===== Recorded information =====

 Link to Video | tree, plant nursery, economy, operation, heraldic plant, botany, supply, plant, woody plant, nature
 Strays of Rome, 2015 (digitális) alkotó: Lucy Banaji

=====
===== Recorded information =====

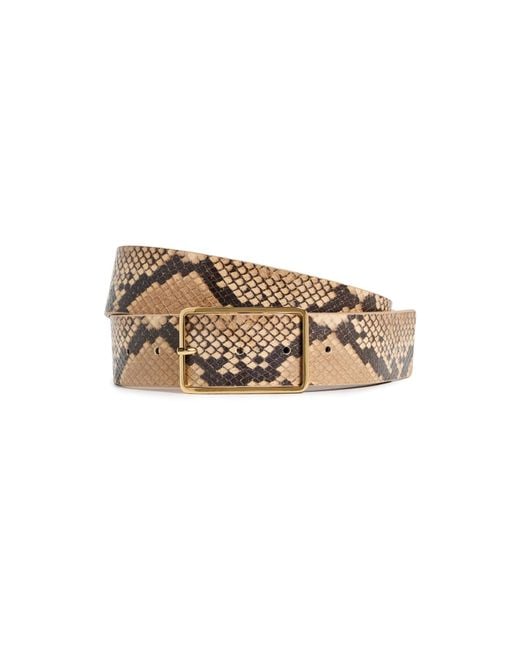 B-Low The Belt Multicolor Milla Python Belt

=====

Try it – Once you reach the line with "Link to Video" in the data above, copy it and every line after it exactly, up to and including the line with "Strays of Rome, 2015".

Response area –
 Link to Video | tree, plant nursery, economy, operation, heraldic plant, botany, supply, plant, woody plant, nature
 Strays of Rome, 2015 (digitális) alkotó: Lucy Banaji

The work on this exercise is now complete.